Persons that are performing HIIT workouts, that involve short periods of all-out exertion followed by a short rest period, are more likely to lose a higher percentage of body fat compared to steady-state exercisers. A research performed by the International Journal of Obesity has found that females who performed 60 repeats of 8-second sprints three times per week for at least 15 weeks have burned six times more body fat than those who did 40 minutes of steady-state cardio at these sessions and not only did they burn more fat than steady-state exercise, but the HIIT exercisers did it in less time.

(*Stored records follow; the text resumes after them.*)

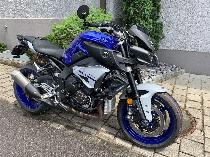 Motorrad kaufen Vorführmodell YAMAHA MT 10 ABS (naked)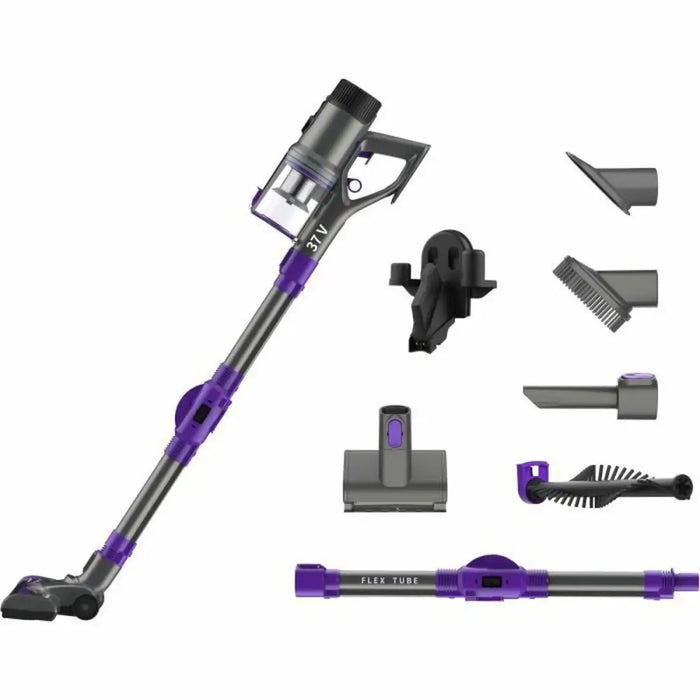 Stick Vacuum Cleaner Arthur Martin AMP555 400 W - Почистване Прахосмукачки И Гладене<<<Дом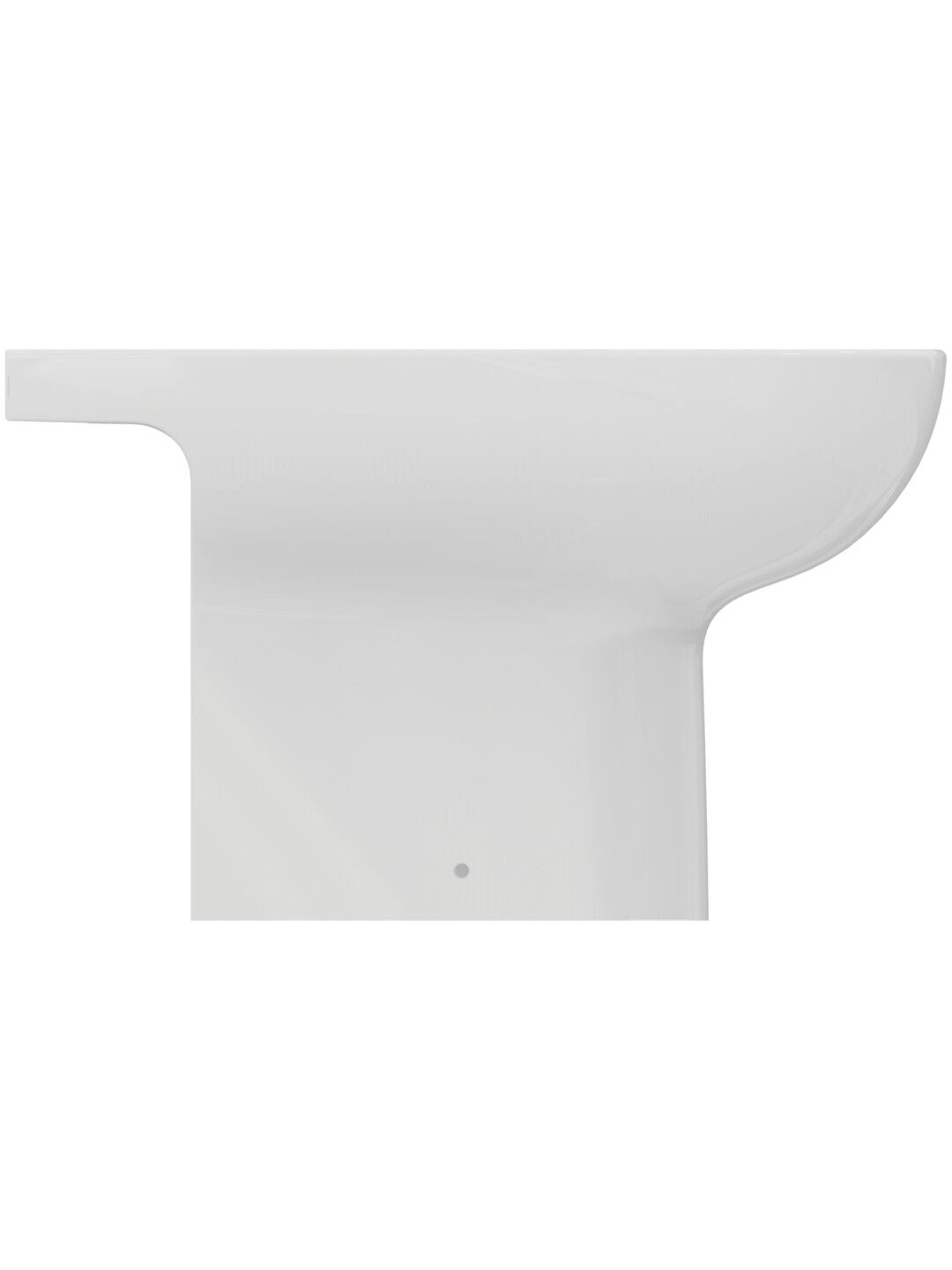 Pastatomo WC Ideal Standard puodas, i.Life A Rimless+ (be bakelio) 3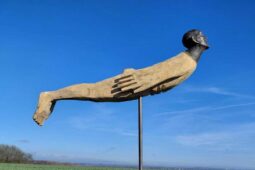 Jahresausstellung von Bernd Moenikes in Dortmund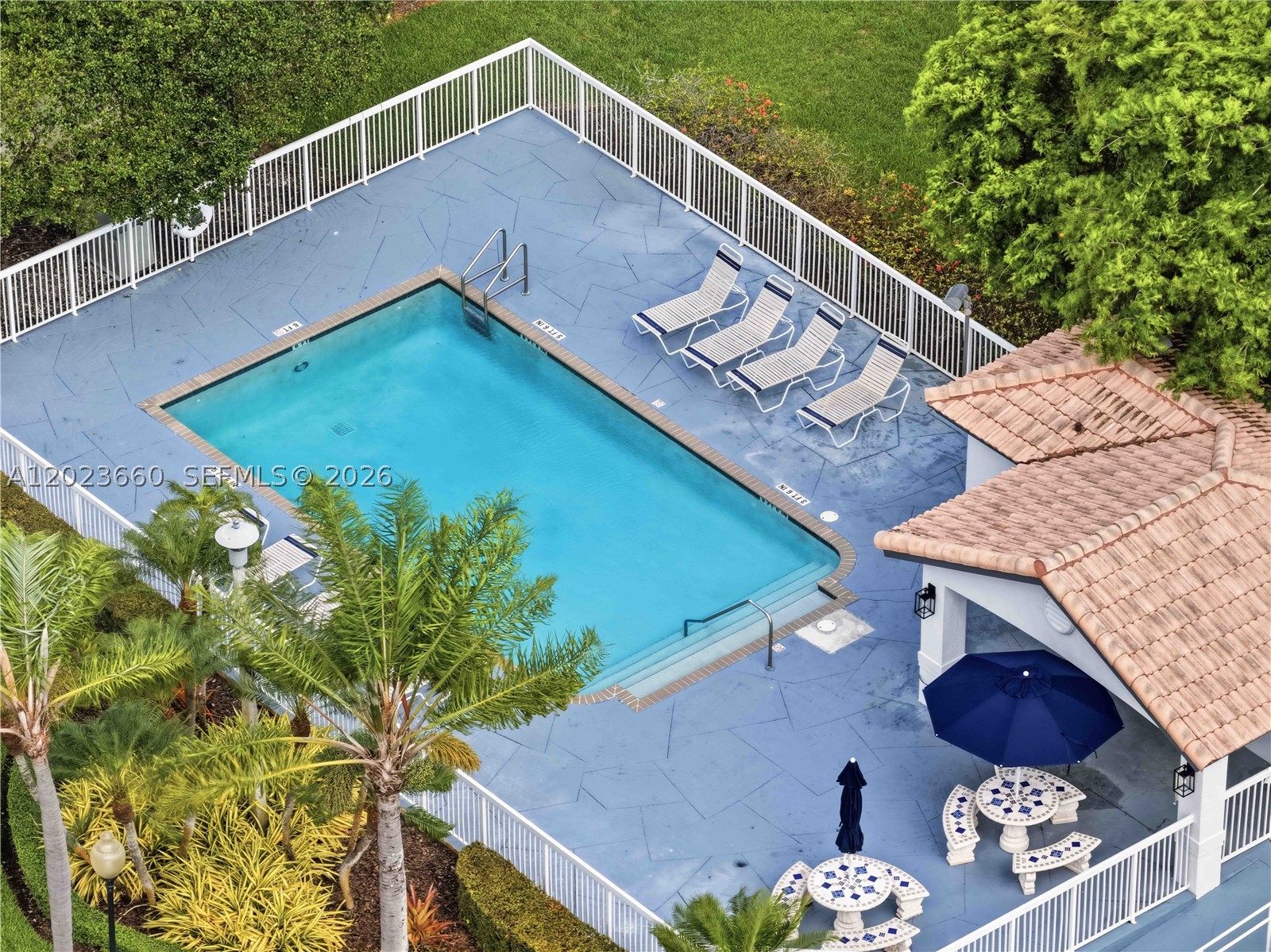SILVER LAKES AT PEMBROKE - Residential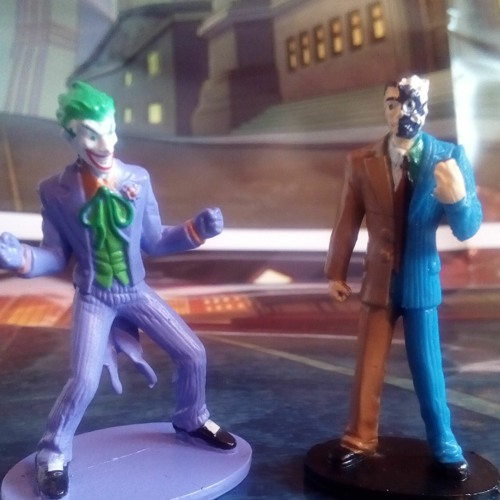 A Toutes Les Filles - Osiris Epaulhuppé & Stève Le Flétan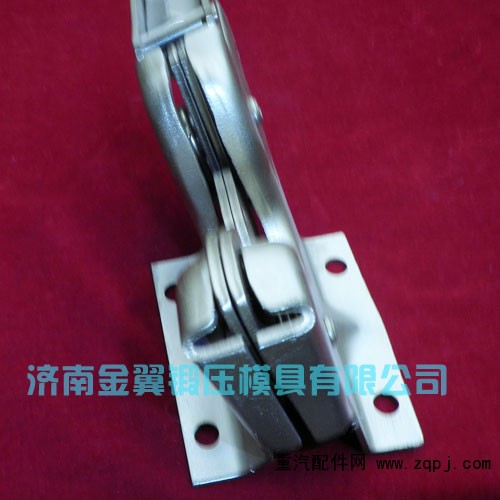 ,金王子液压锁,山东盈生汽配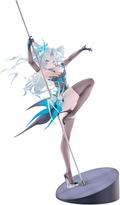 Girls' Frontline 1/7 Scale Pre-Painted Figure: PA-15 Light Treading Night Ver. thumbnail 1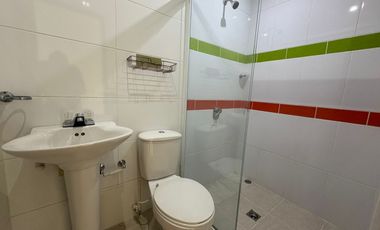 casa en arriendo en  las brisas. Cod A512321
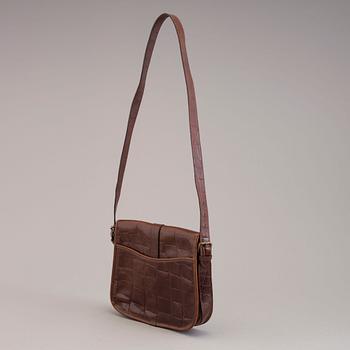 A Mulberry bag.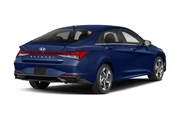 $16991 : Hyundai ELANTRA 2021 Limited thumbnail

In between the carpooling soccer practice, the morning commute, and also getting dinner on the table on time, there is almost any time to get to the gym. In the time when the dinner is in the oven and the kids are doing their homework, you should take 10 minutes out of your day in order to burn the fat around your stomach with an at-home HIIT workout.
HIIT It
You should definitely incorporate a HIIT workout in your regular routine. These workouts induce “EPOC” or excess post-exercise oxygen consumption, so they are increasing your energy output and thus boosting your overall calorie expenditure up to 15 percent more than steady state exercise.
Step 1
You should jog in place for one minute in order to warm the body up and get the blood flowing through your body.
Step 2
Have a 1 minute of burpees by standing with your feet underneath your hips and bend your knees and place your hands down on the ground next to your feet. Take big breath and jump your feet back to a push-up position. Make a push-up by lowering your body down to the floor so that your chest touches the ground. Then rise up back to the top of your push-up position. Jump the feet to your hands and stand up, while finishing with a jump in place. Repeat this by 30 seconds of rest.
Step 3
Have a one minute of jumping air squats. Start of with your feet shoulder width apart. And with a proud chest send your gluts back as you squat down so that the thighs are parallel to the floor. Drive from the bottom of the squat and explode up into the air and jump. Follow this by 30 seconds of rest.
Step 4
Have a one minute of tuck jumps. You should start off with your feet hip-width apart. And then slightly bend your knees and hinge at the hip as you dip down and drive off of the ground, then start jumping straight up and bringing your knees up as high as you can. Then, hold your arms out in front of you to bring your knees up to your arms. As you are actually landing , try yourself to rebound as quickly as possible. Repeat this by 30 seconds of rest.
Step 5
Repeat the steps two to four once again for a fat-burning, full-body workout in just 10 minutes.
Tips
There is no need to have to do this workout daily – only three to five times per week is enough. On some other days, you shall use the 10 minutes to do a brisk walk or jog to stay active.